Recently, Elon Musk the Chief of Tesla Inc. came under the spotlight immediately after the Securities Exchange Commission filed a lawsuit that originated from an infamous and impulsive tweet from Elon. The tweet stated that Elon had arranged the funding for the buyout of Tesla at a staggering price of $420 per share. This caused fluctuations in the market scenario, along with confusion amidst the investors. It is also believed that the tweet was a strategy to deviate the attention of the world from the ongoing issues of the company related to its products and the delivery system.

The charges pressed by SEC

According to the New York Times, Elon Musk agreed to resign from his post and was also fined $20 million by the SEC. Currently, the charges include a three-year ban on the former chairman and a formation of an SEC-approved special committee by the Board members. They will monitor every business communication from Elon Musk for the above-mentioned tenure. The unforeseen move will require Tesla to induct two experienced directors on the Board for compensating the loss.

The changes are bound to affect the course of the company, but no changes in the behavior of the billionaire tech mogul were observed.
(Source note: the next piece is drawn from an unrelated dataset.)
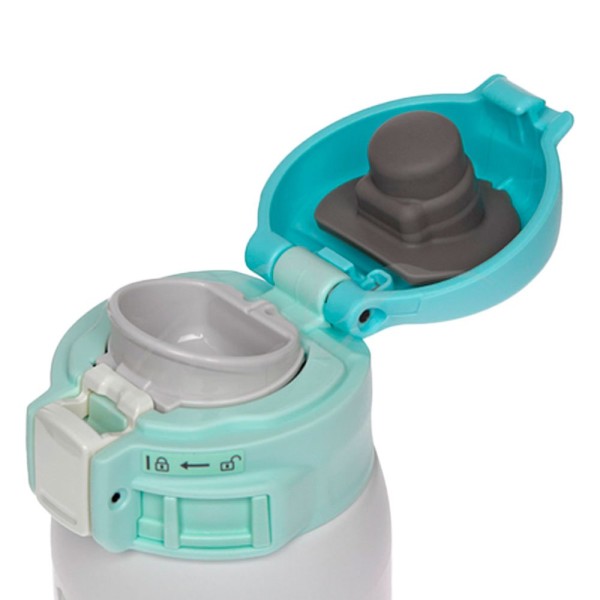 Encontraproduto.com.br - Garrafa Térmica Zojirushi Esportiva 480ml Hedgehog Mint SM-SG48GK (MP)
Immediately after settling the dues with SEC, Elon Musk emailed the Tesla Employees to work hard in spite of it being a weekend.

In spite of Elon’s communication to the employees predicting profits for the upcoming quarter, Tesla has been involved in cost-cutting procedures by relieving 9 percent of its workforce in June this year. They have also reduced the color variations for Model 3 cars, followed by a delay of payments to the suppliers.
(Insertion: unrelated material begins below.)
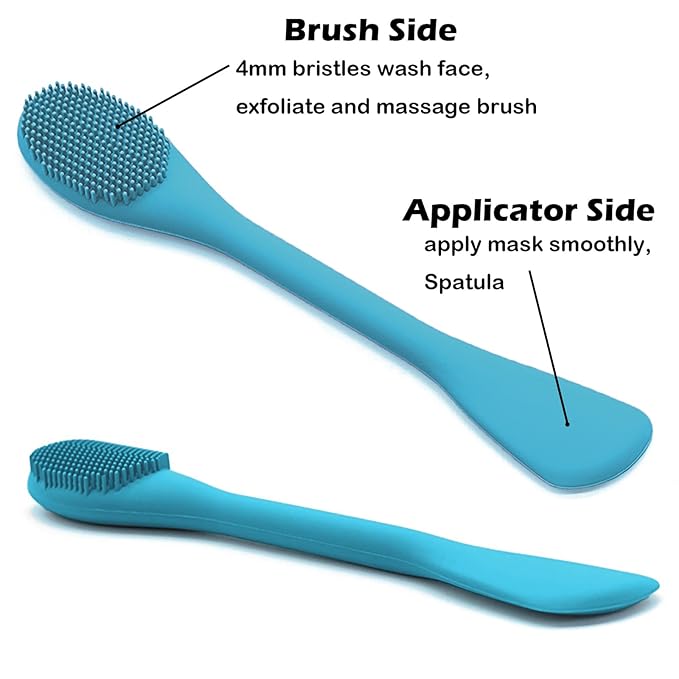 Pore Brush & Face Mask Applicator, Lymphatic Drainage Brush | Face Scrubber, Silicone Jelly Brush for Deep Pore Cleansing, Face Brush for Lymphatic Drainage Massager, Applicator for Mud, Clay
Persisting hurdles of Tesla

With Elon Musk stepping down, the ongoing problems of the company is expected to double up. Their everlasting issues with the Model 3 cars, especially the manufacturing and delivery aspects of it are taking a toll on the annual revenue of the company. The company has invested an astronomical amount in Model 3 cars, believing them to be the face of the company.

Experts emphasized the fact that Tesla, unlike other automobile industries, does not generate revenue until the product is delivered to the customers. Elon admitted facing tremendous problems with the delivery system of the company.
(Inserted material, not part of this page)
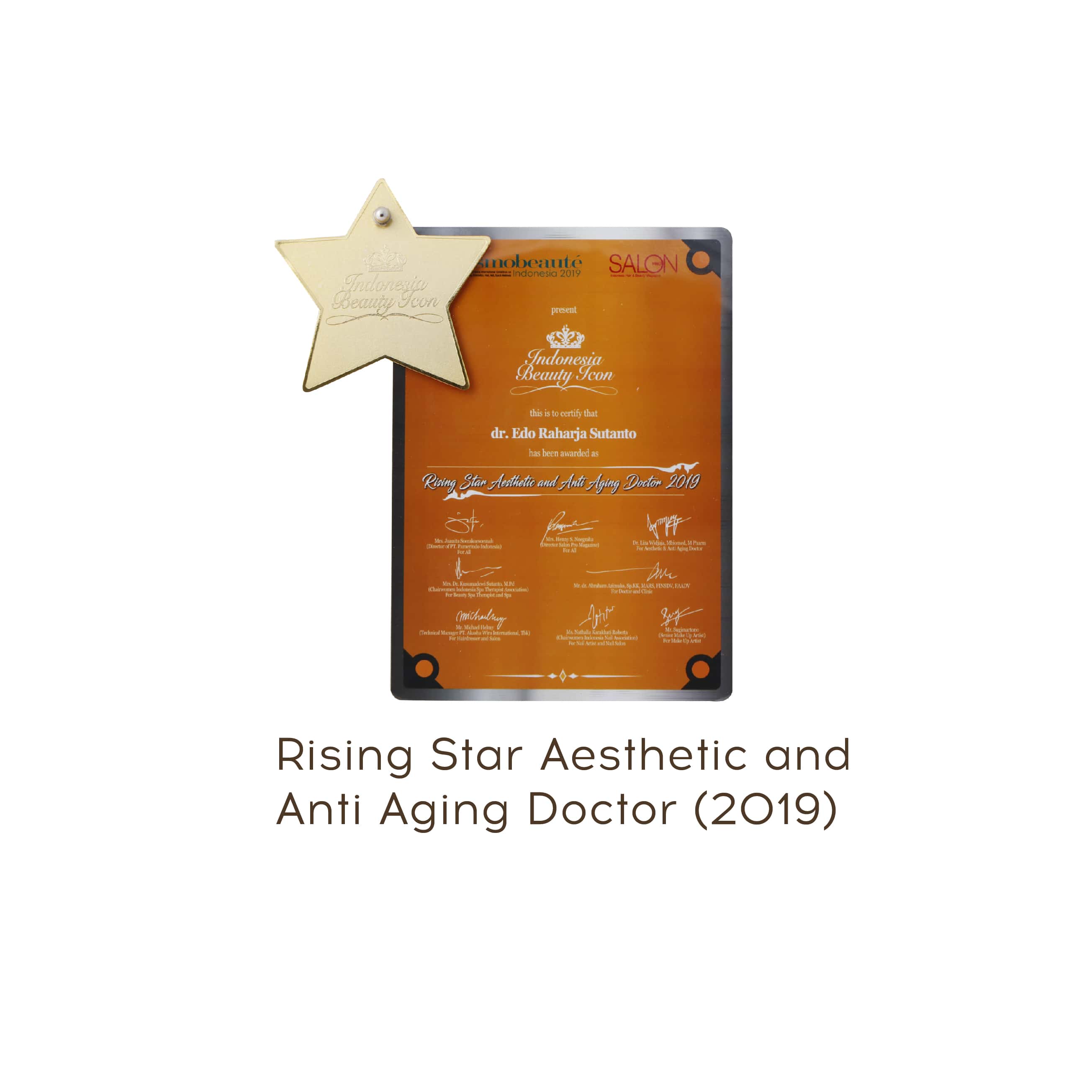 rising star aesthteic award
According to the Daily Mail, the automobile maker utilized a whopping $430 million of its $2.7 billion cash supply to compensate for the $742.7 million loss in the third quarter of the current financial year. The abrupt changes in the company were followed by an abrupt fall in its share price to $265 in a single day. With upcoming bond payments of more than a billion dollars, it is of utmost importance for the share prices to be above $360 per share.

The Daily Mail also confirms that Elon Musk will retain the position of CEO in Tesla. He is also the founder and CEO of SpaceX and SolarCity.